If that information is true, it is reasonable to expect that the HD 4870 will be 2X+ the performance of the HD 3870 and that's not considering that R700 will probably be slightly faster (or maybe a lot faster) per clock than the R600 architecture. The HD 4870 specs they were quoting means that it would have over 2X the computing power of the HD 3870, 2X the memory bandwidth, and double the amount of memory (1GB vs 512MB). So it's not at all reasonable, even if R700 is no faster clock-for-clock, that the HD 4870 would be twice as fast as the HD 3870.
Given this, the HD 4870 X2 would be over 2X the performance of the HD 3870 X2, which is already anywhere between 20-55% faster than the 8800GTX (per Anandtech's review), with the average being around 25%~. Given this, nVidia's next generation card, with a single GPU, would have to be at least 2.5X the performance of an 8800GTX and the current G92 parts to compete with the HD 4870 X2.

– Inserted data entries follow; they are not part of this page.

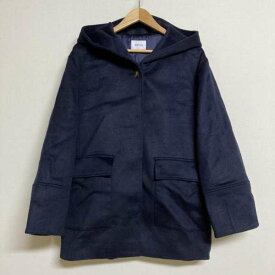 SHIPS シップス コート一般 コート Coat SHIPS any フード ミディ アンゴラ混 ウール コート 724-15-0027【USED】【古着】【中古】10106483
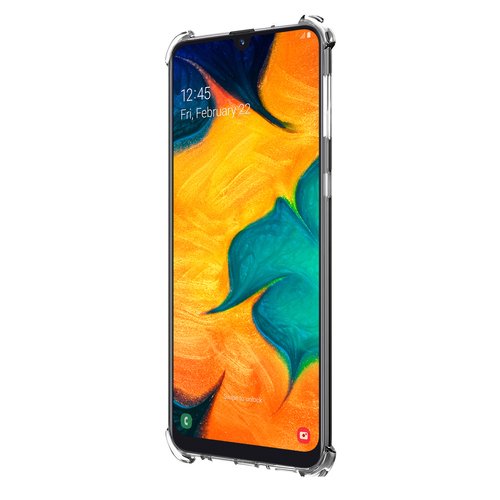 Microsonic Shock Absorbing Kılıf Samsung Galaxy A30 Şeffaf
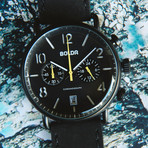 Boldr Journey Wasp Chronograph Quartz // B16-P43-001 // 0638455379992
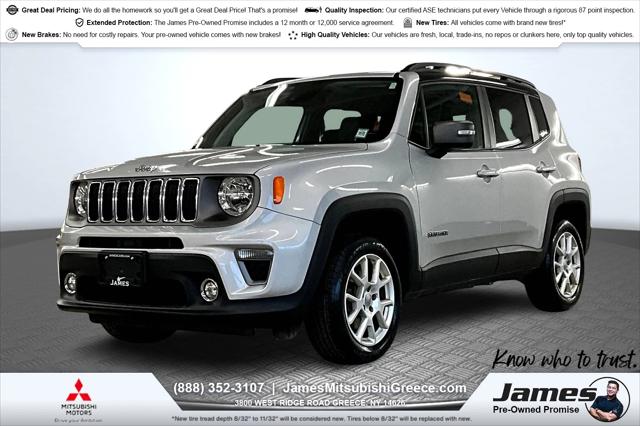 2021 Jeep Renegade Limited 4X4 for sale in Rome, NY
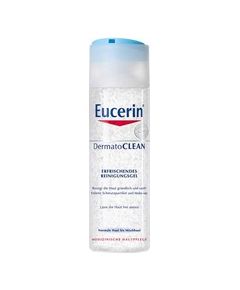 Eucerin DermatoCLEAN - facial cleansing gel 200ml Ķermeņa kosmētika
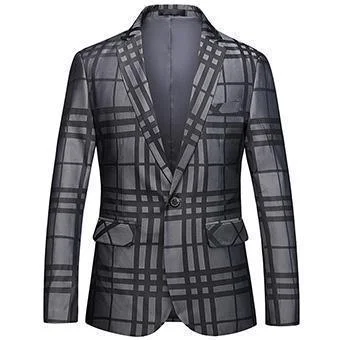 Flash discounts on men’s clothing – Don’t miss out! Men's Blazer Plus Size Plaid Blazer Slim Fit Flash discounts on men’s clothing – Don’t miss out! Men's Blazer Plus Size Plaid Blazer Slim Fit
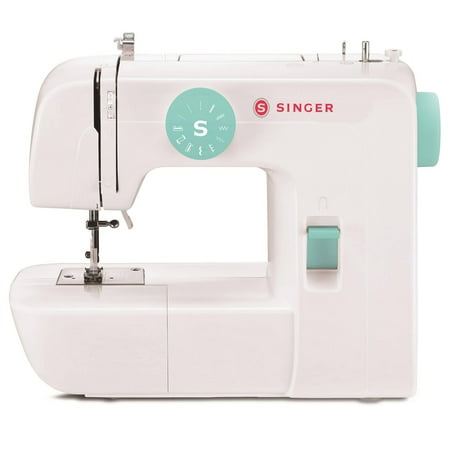 Singer 1234 Sewing Machine with Tote Project, Online Owner's Class, and Vinyl Stickers for Customization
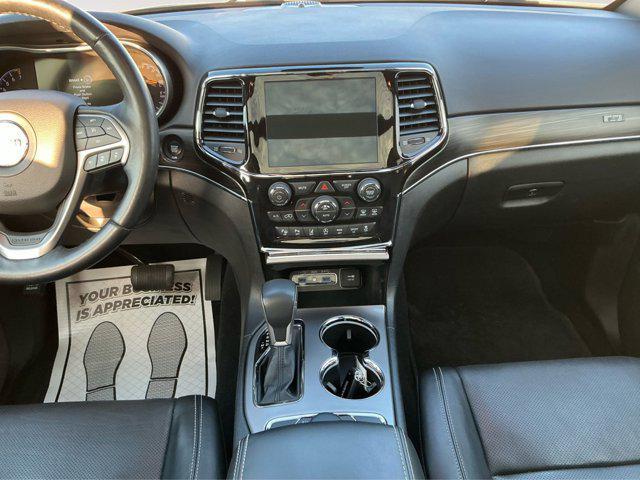 used 2021 Jeep Grand Cherokee car, priced at $26,482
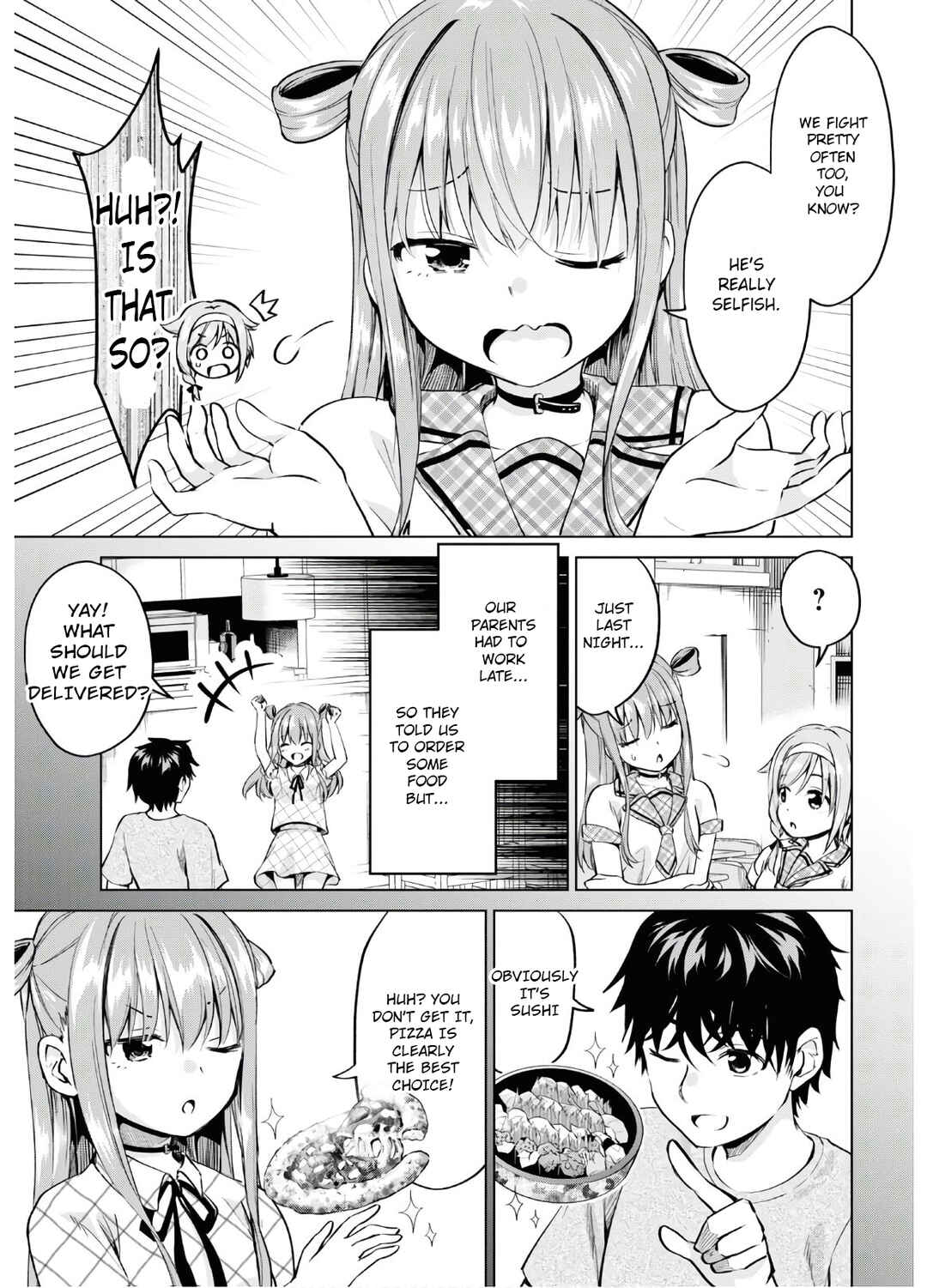 Page 5 Chapter 5 Hankou Dekinai! Ibara-chan
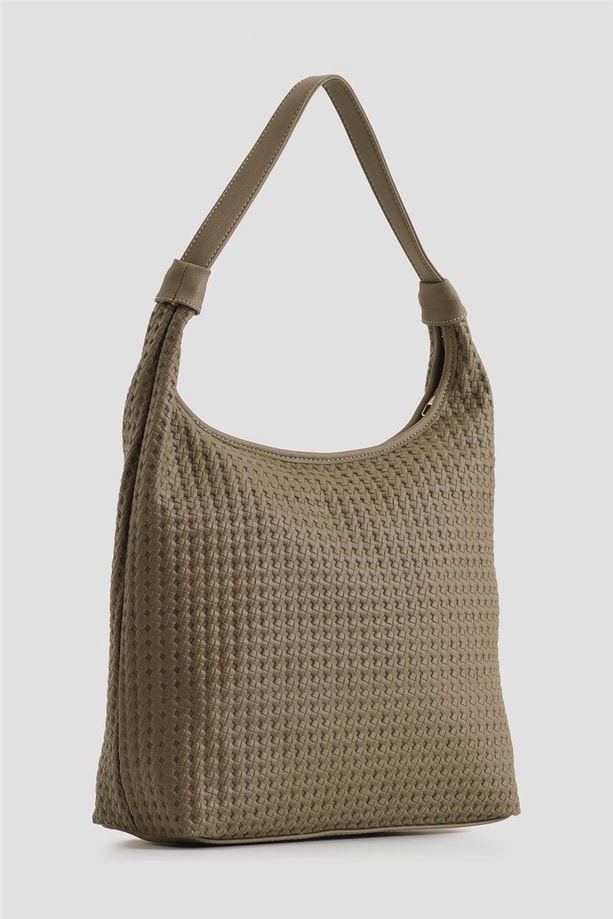 Armine Çanta Örgü 25YD7413 Haki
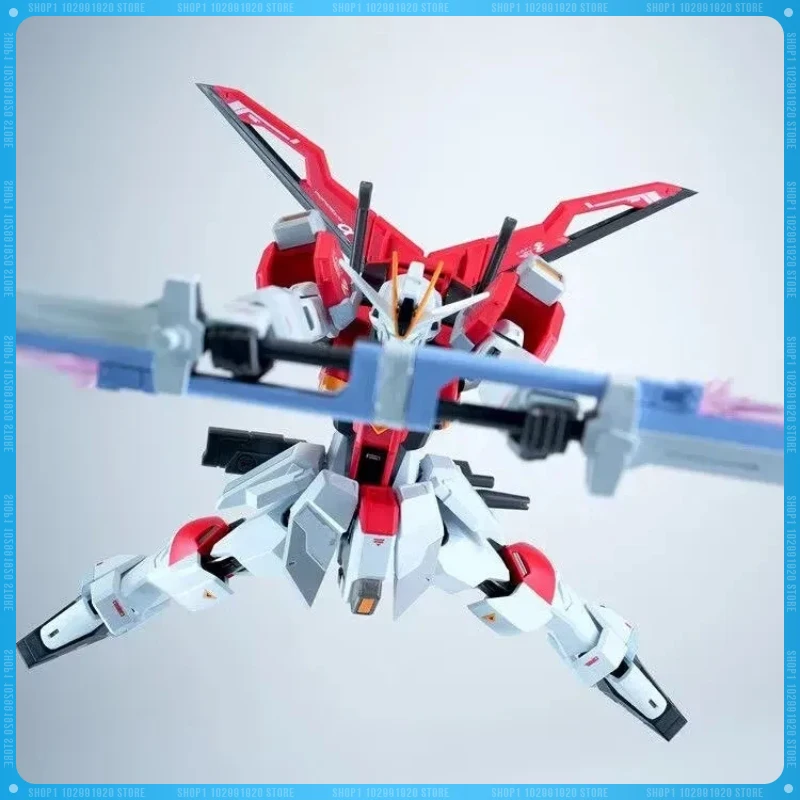 MR Impulse 1/144 MR ZGMF-X56S Asuka Swordsman Assembly Model Kits Alloy skeleton Anime Action Figure Robot Plastic Model Toys
MR Impulse 1/144 MR ZGMF-X56S Asuka Swordsman Assembly Model Kits Alloy skeleton Anime Action Figure Robot Plastic Model Toys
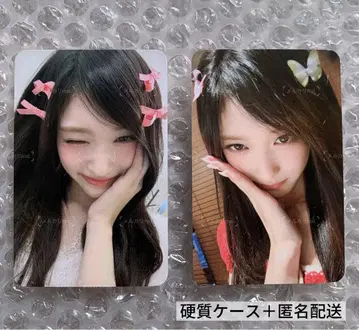 IVE 서울콘 withmuu 럭키 드로우 2장 이서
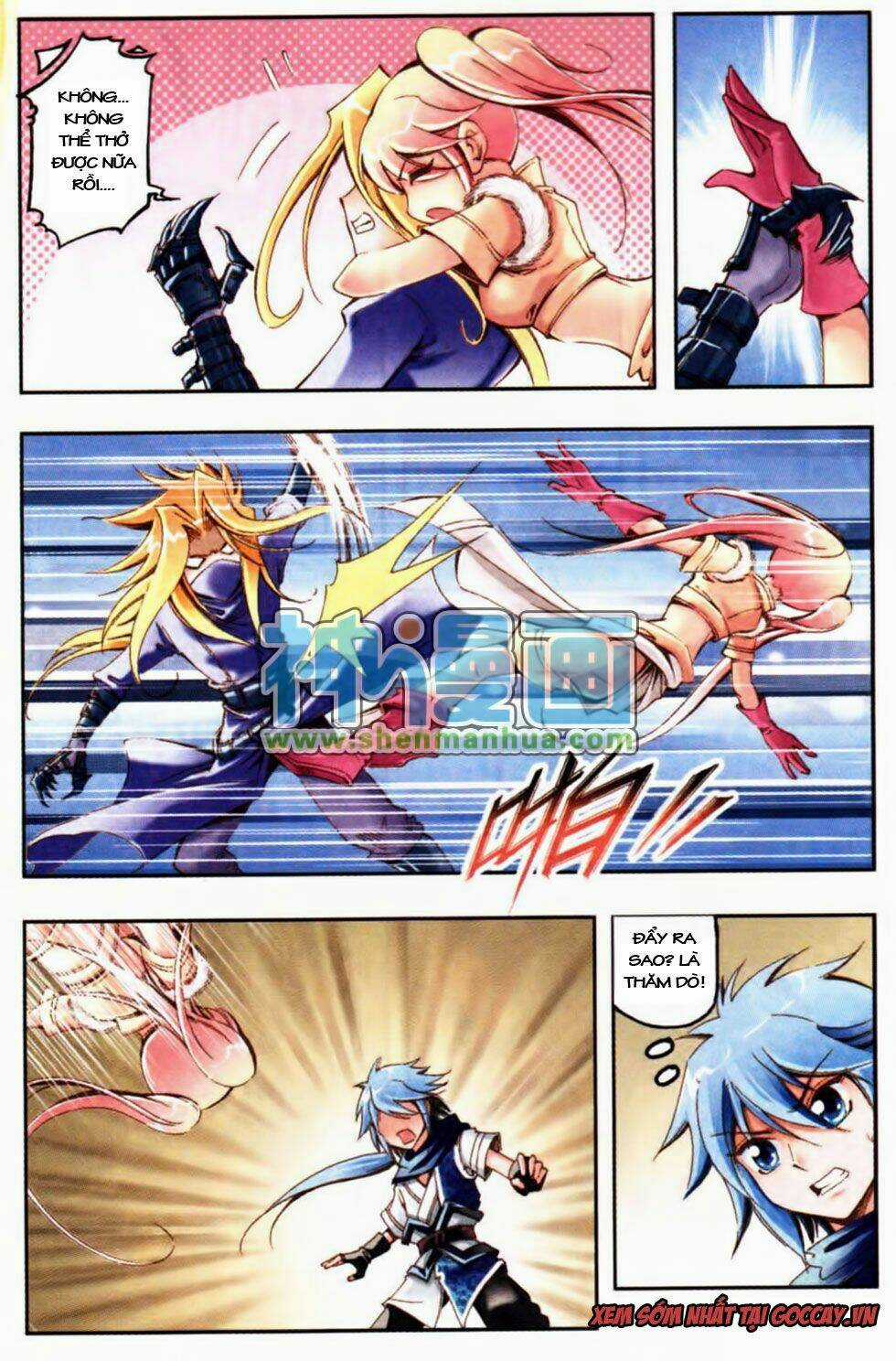 Giang Hồ Hành Chapter 4 trang 9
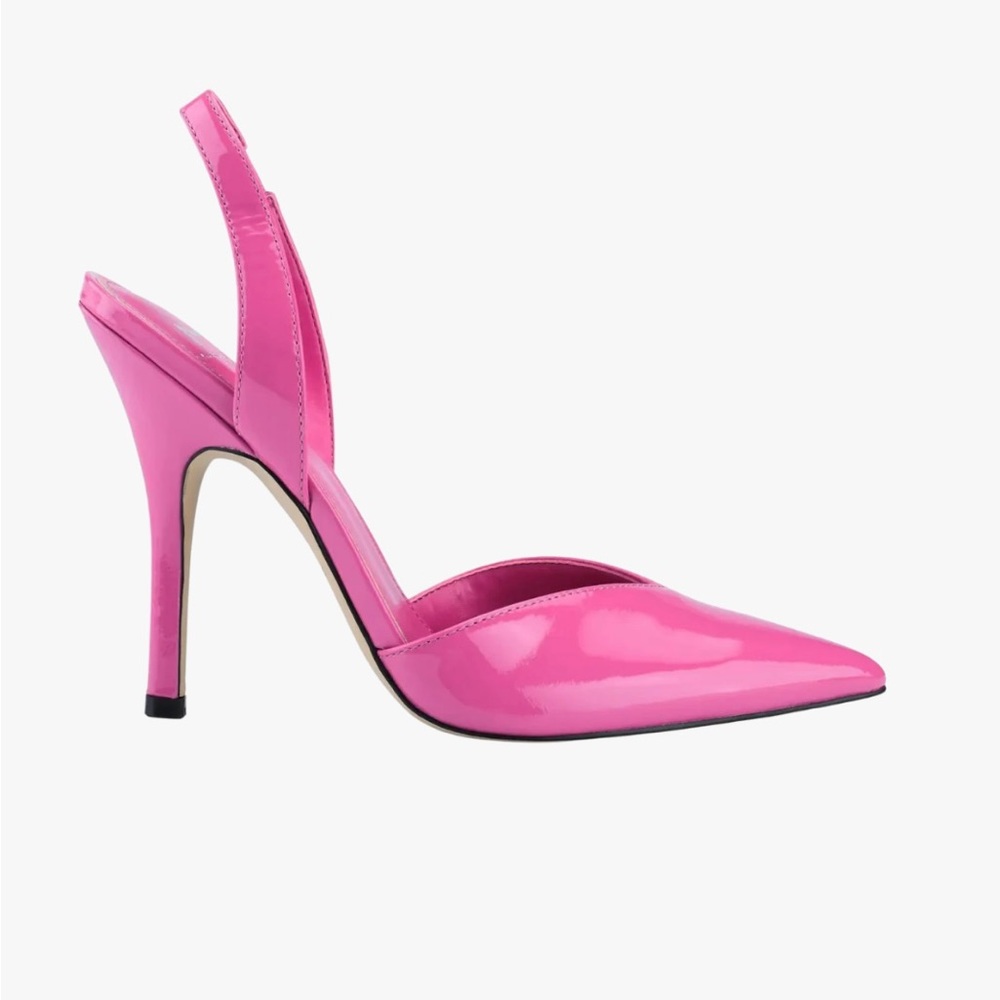 Marc Fisher Heels - Feisty in Barbie Pink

Is that possible? Perhaps, but it definately isn't going to be easy or cheap for nVidia. nVidia's next gen is 65nm and a single die, AMD's is 55nm and two die. G92 is already 324mm^2, how much more can nVidia fit on a die before the cost becomes unreasonable? RV670 is only 192mm^2, AMD has a lot more room to work with than nVidia and their 2 die solution should improve yields. People may knock the HD 3870 for being slower than the 8800GT, but remember that it is based on a GPU that is 60% the size of G92 and very cheap for AMD to produce.
So my prediction: AMD is competitive in the next round, and perhaps wins performance wise. If HD 4870 X2 is equal to nVidia's next gen in price, then IMO AMD wins because the 4870 X2 will certainly be cheaper to produce.